***** Materials provided *****
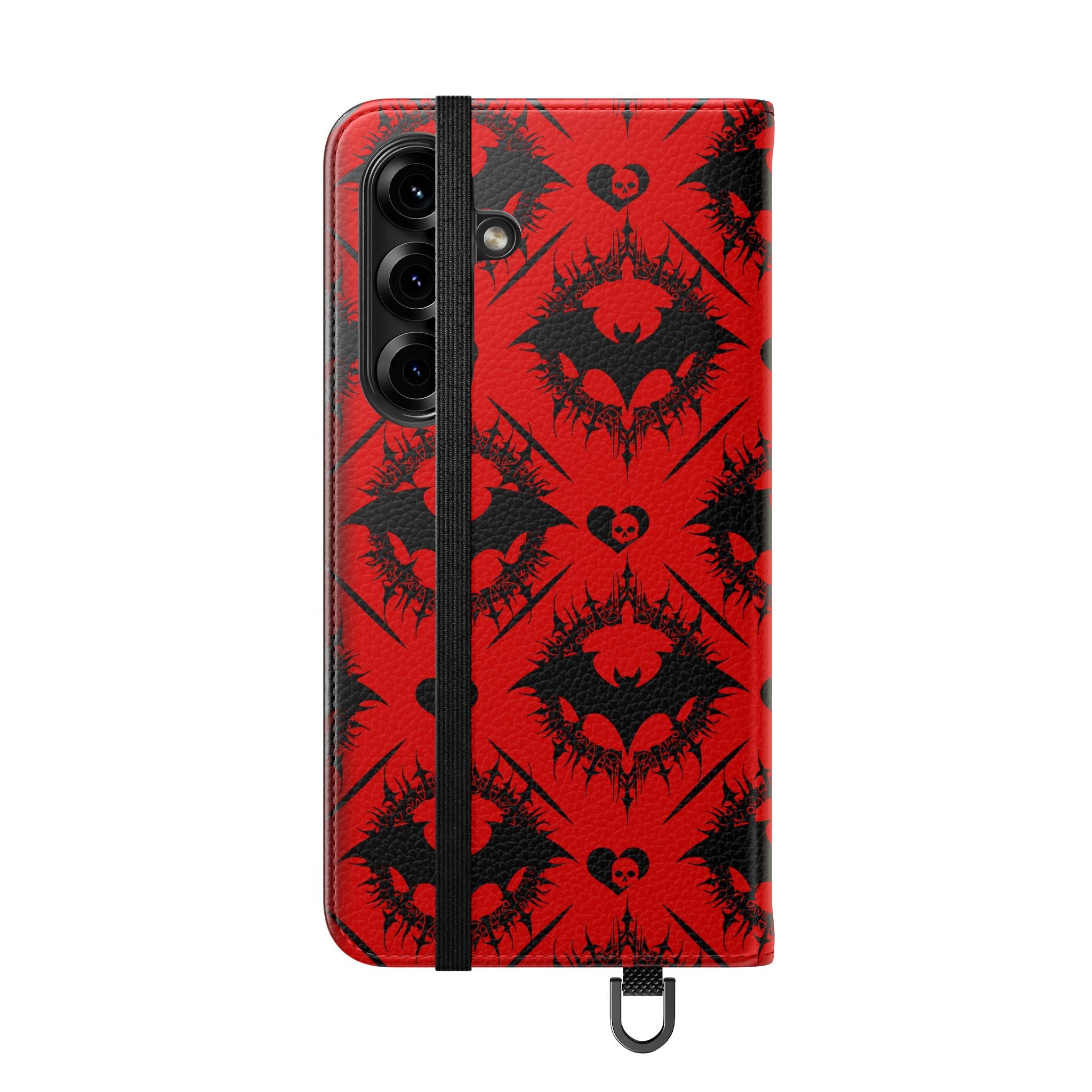 Gothic Bat Wallet Flip Case - Elegant Goth Phone Wallet - Bat Pattern Flip Case - Gothic Phone Case - Stylish Wallet Phone Case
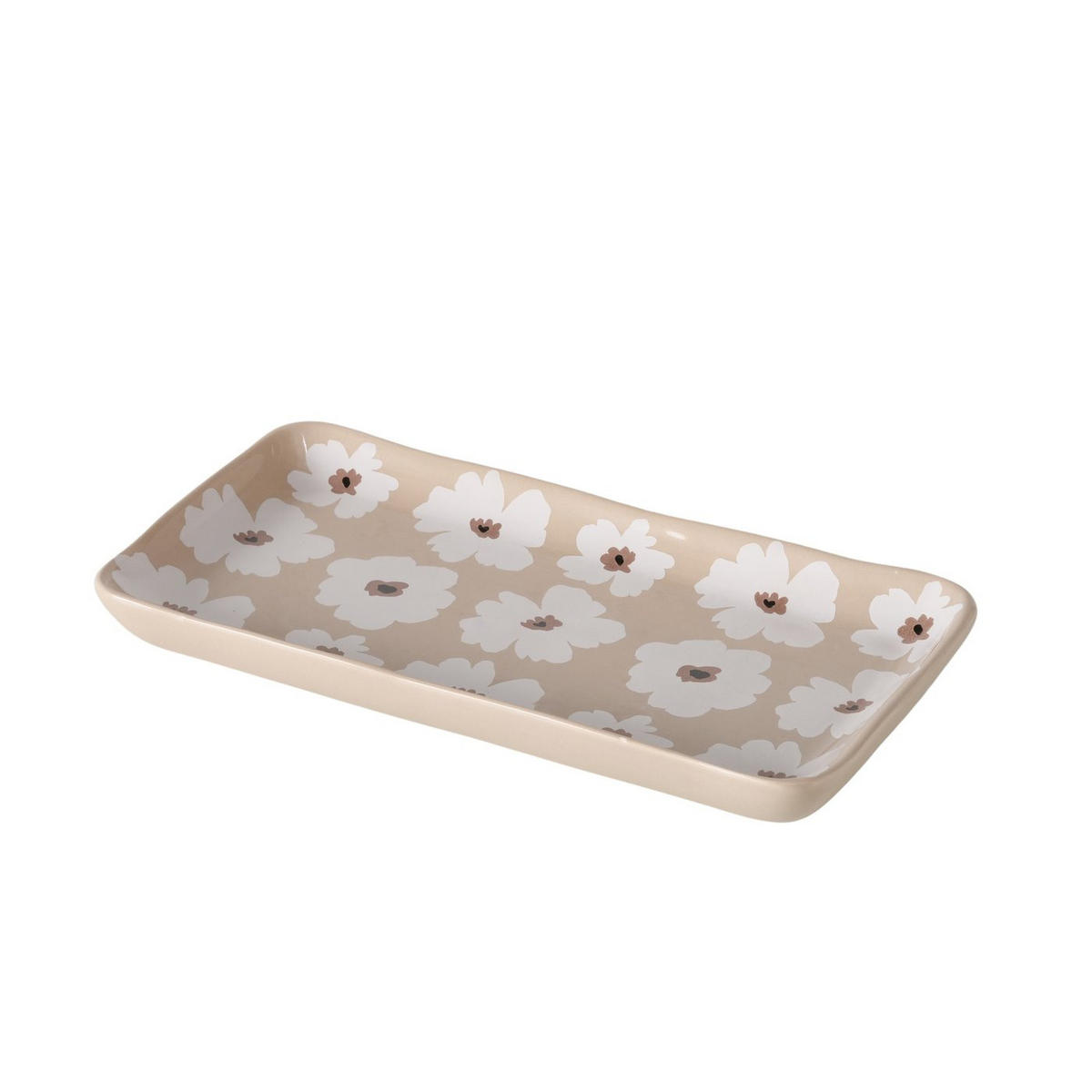 KERAMIKTELLER mit Blumenmuster Canea Beige - Beige, Keramik (3cm) - Boltze Home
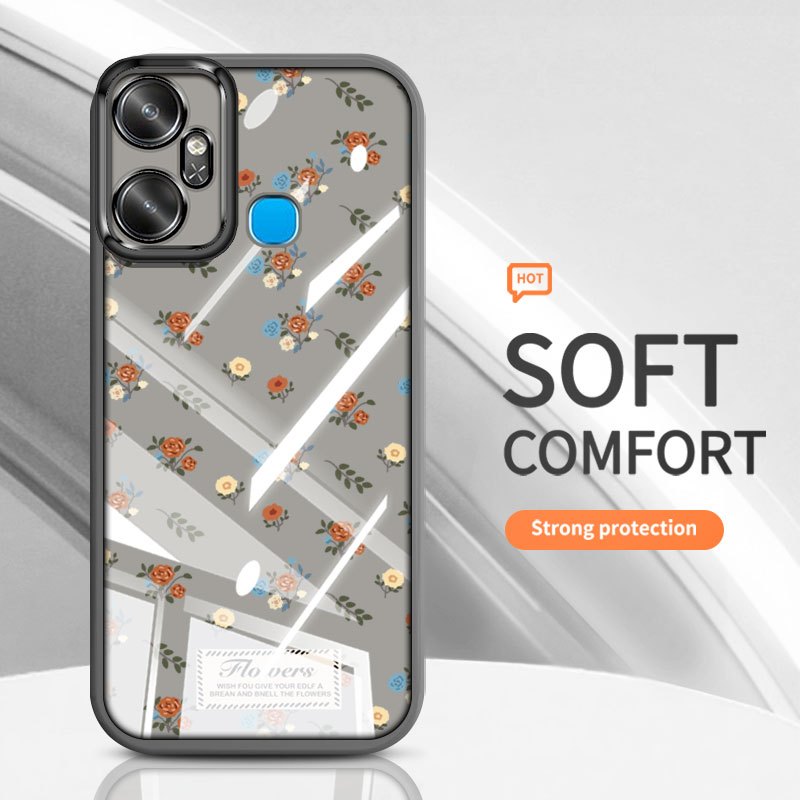 YBD Cho Infinix Smart 6 Plus Tecno Spark 8C Spark Go 2022 X6823 X6823C Ốp Điện Thoại Vintage Hoa Hồng Nhiều Màu Sắc Bướm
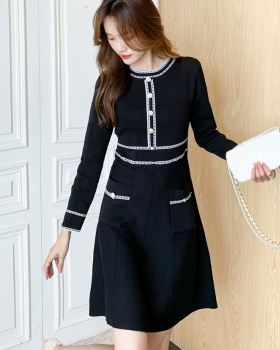 Pullover long sleeve lady dress knitted slim sweater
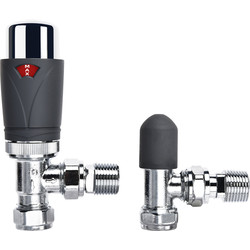 Flume / Flume TRV & Lockshield Anthracite and Chrome 15mm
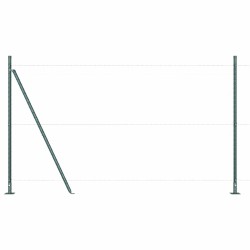 Poteau de clôture. 7 pcs Vert Acier 522878522878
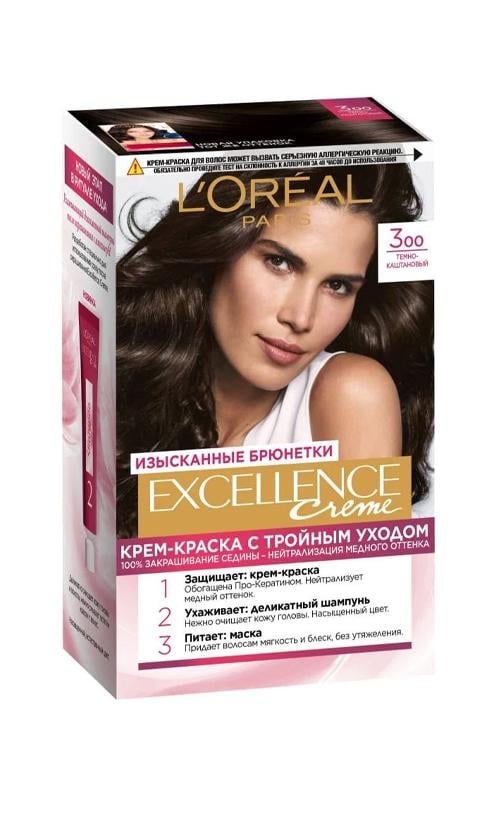 Фарба для волосся L'Oreal Paris Excellence Creme 300 Темно-каштановий (24108)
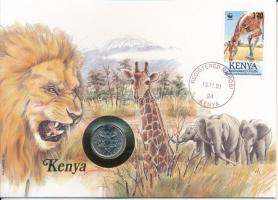 Kenya 1980. 50c Cu-Ni felbélyegzett borítékban, bélyegzéssel, német nyelvű leírással T:UNC  Kenya 1980. 50 Cents Cu-Ni in envelope with stamp and cancellation, with German description C:UNC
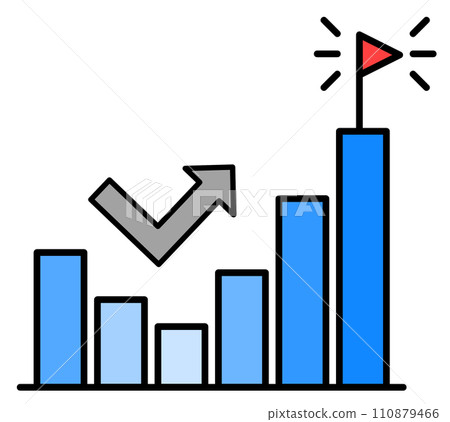 Illustration of a bar graph that aggregates data on an increasing trend 110879466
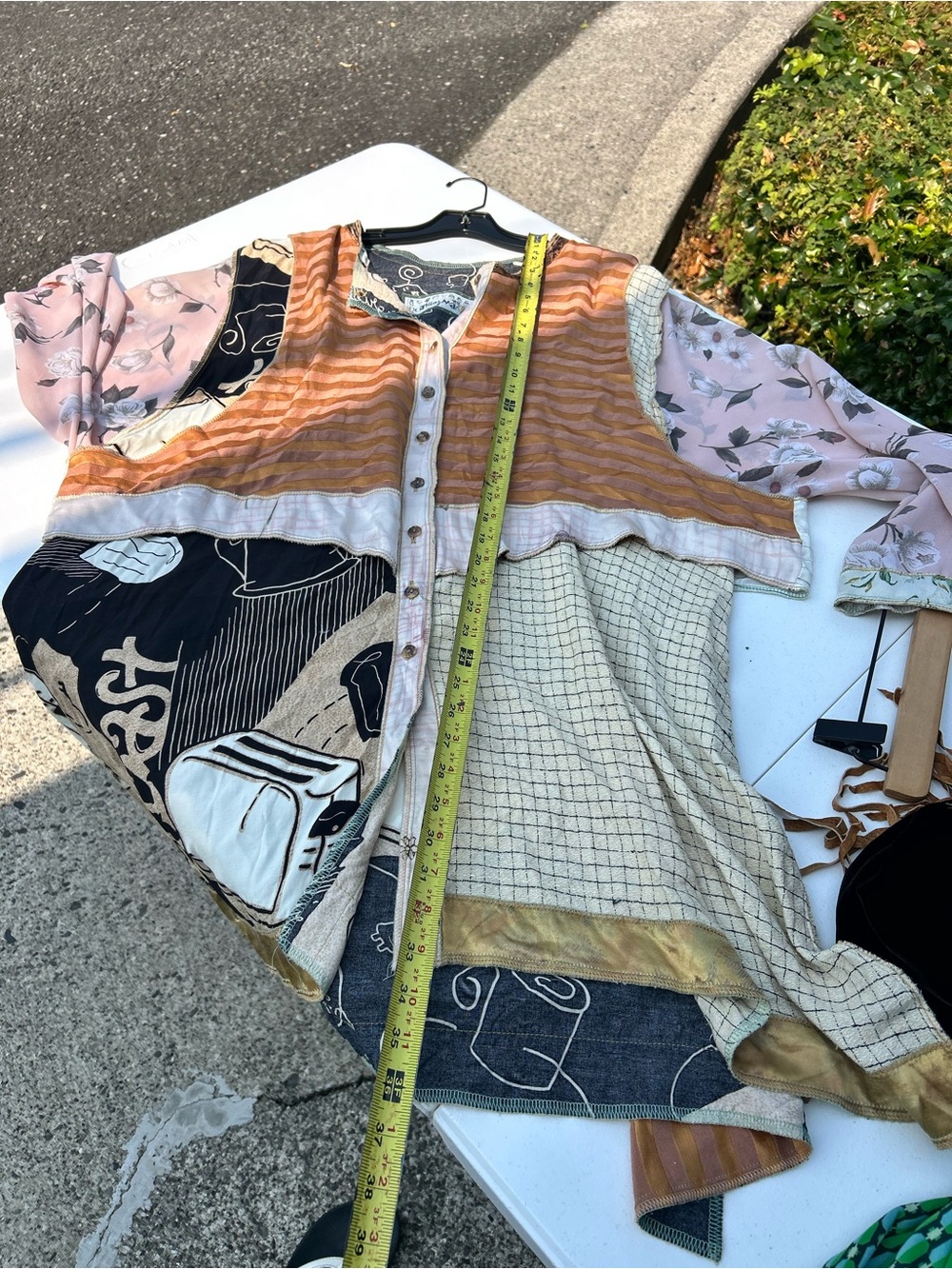 Mixed-Panel Boho Blouse - Yellow Stripe Mix - Picture 13 of 13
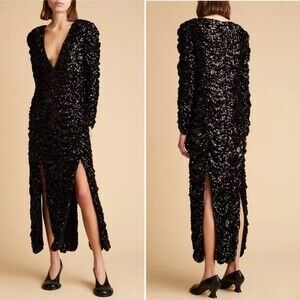 NEW Khaite Lana Sequin V Neck Long Sleeve Slit Gown Black Dress Size 2 NWT
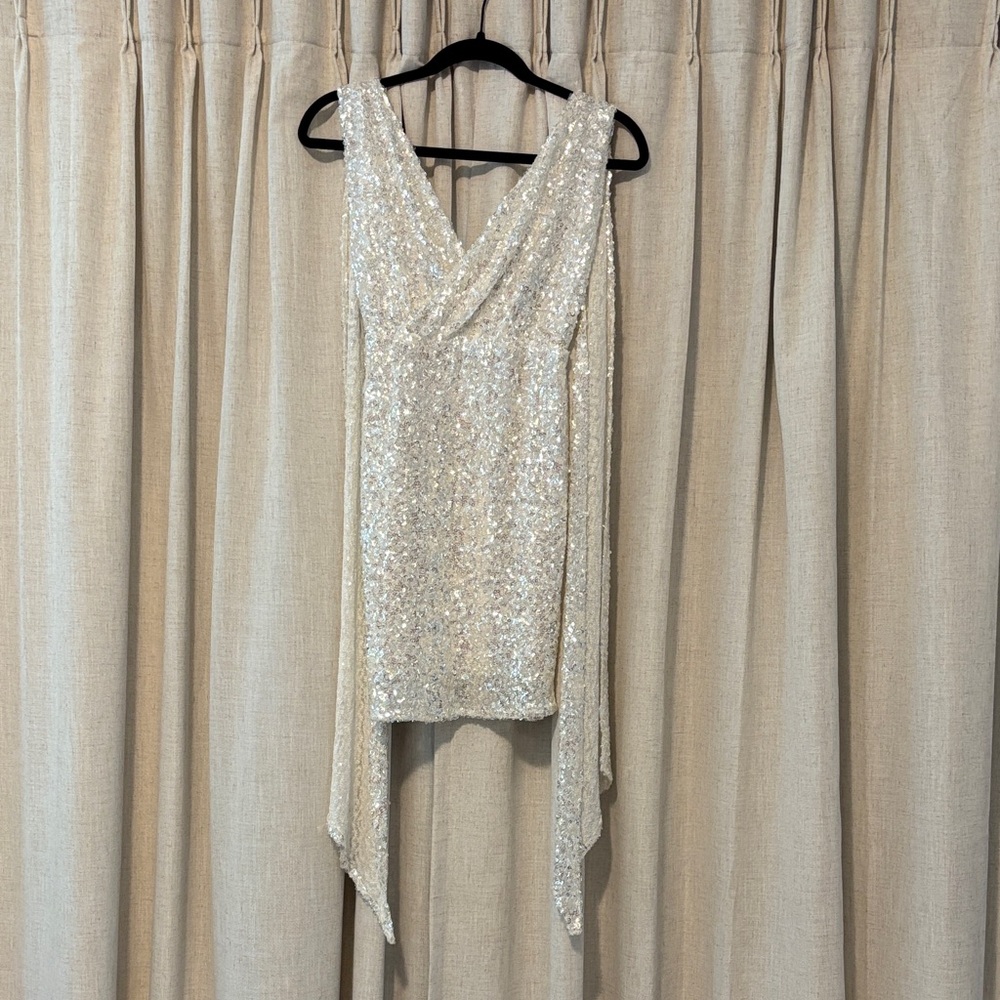 White Sequin Mini Dress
*****
▸ **What the exercise asks**:
Omit the pictures and copy the records above exactly.

▸ **Exercise answer**:
 Gothic Bat Wallet Flip Case - Elegant Goth Phone Wallet - Bat Pattern Flip Case - Gothic Phone Case - Stylish Wallet Phone Case
 KERAMIKTELLER mit Blumenmuster Canea Beige - Beige, Keramik (3cm) - Boltze Home
 YBD Cho Infinix Smart 6 Plus Tecno Spark 8C Spark Go 2022 X6823 X6823C Ốp Điện Thoại Vintage Hoa Hồng Nhiều Màu Sắc Bướm
 Pullover long sleeve lady dress knitted slim sweater
 Flume / Flume TRV & Lockshield Anthracite and Chrome 15mm
 Poteau de clôture. 7 pcs Vert Acier 522878522878
 Фарба для волосся L'Oreal Paris Excellence Creme 300 Темно-каштановий (24108)
 Kenya 1980. 50c Cu-Ni felbélyegzett borítékban, bélyegzéssel, német nyelvű leírással T:UNC  Kenya 1980. 50 Cents Cu-Ni in envelope with stamp and cancellation, with German description C:UNC
 Illustration of a bar graph that aggregates data on an increasing trend 110879466
 Mixed-Panel Boho Blouse - Yellow Stripe Mix - Picture 13 of 13
 NEW Khaite Lana Sequin V Neck Long Sleeve Slit Gown Black Dress Size 2 NWT
 White Sequin Mini Dress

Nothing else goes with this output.